Monday, February 14, 2011

Blithesdale Romace + Transcendental Wild Oats

We said that The Blithesdale Romance was a satire. I think that, as a satire, Transcendental Wild Oats almost works better. I think that The Blithesdale Romance kind of gets caught up in the romance. I mean, the story leaves the collective for a good while near the middle of the end, and becomes for the most part about the mystery that involves Zenobia and Priscilla. Coverdale is obsessed with it, obviously. And he even romanticizes the city, when he goes back to it. He says, “Whatever had been my taste for solitude and natural scenery, yet the thick, foggy, stifled elements of cities, the entangled life of many men together, sordid as it was, and empty of the beautiful, took quite as strenuous a hold upon my mind” (73). He seems to be a romantic – his status as a poet is mentioned more than once, and in his last scene with her Zenobia tells him to write a ballad about what just happened (110) – and he mentions too how he had “[…][suffered] his colorless life to take its hue from other lives” (120). Although I guess you can say that allowing your life to be affected by others is part of the collective, I still think the story, in the end, was more about individual people, the individual romance.

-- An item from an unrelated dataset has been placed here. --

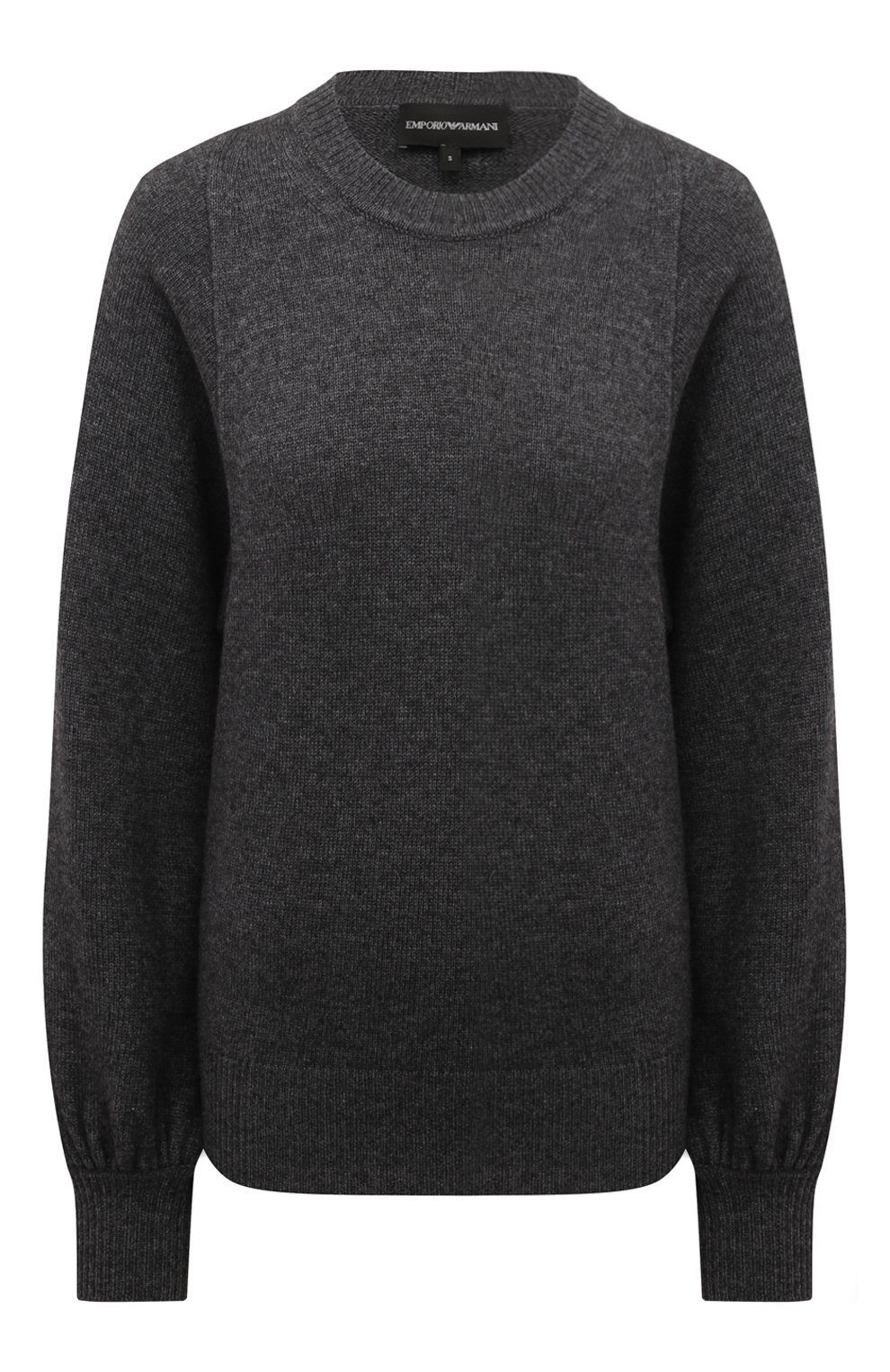 Свитер из шерсти и кашемира EMPORIO ARMANI серого цвета по цене 45650 руб., арт. 6D2MT5/2M26Z, фото 1 Свитер из шерсти и кашемира EMPORIO ARMANI, арт. 6D2MT5/2M26Z, фото 1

In Transcendental Wild Oats, it is obvious that Louisa May Alcott is making a statement against the sustainability of collectives and against the beliefs of her father, which we talked about in regard to other readings. But it seemed to me that she loved her father too, as she does strive to redeem him at the end of the story. She understands Abel’s pain in Fruitlands not succeeding, saying, “Deep waters now for Abel, and for a time there seemed no passage through. Strength and spirits were exhausted by hard work and too much thought. Courage failed when, looking about for help, he saw no sympathizing face […]” (7). And she does redeem the character at the end, as he realizes that he must survive in order to provide for his family (7). I can’t remember from other readings if Alcott’s father ever truly came to this realization, but I do remember reading at some point in the Buell book that Alcott provided for the family with her writing. But I do know from my knowledge of the reality behind the story of Little Women – thank you, middle school research paper / grade-school book – that she loved her family a lot. But the father in that story, if he was based on her father like the other characters were based on her family, was off at war. So I think she kind of avoided interjecting any feelings beside love and fear for his safety.

But with Transcendental Wild Oats, I think Alcott made clear her stance on collectives. I think Hawthorne did too, but he also had the whole Veiled Lady thing going on, which was mentioned in class. That scene with the witchcraft in the woods really threw me off. It actually reminded me of “Young Goodman Brown,” which I read in 9th grade. Just looked it up, and Hawthorne wrote that too! But it was hard to see how that scene fit into the satire.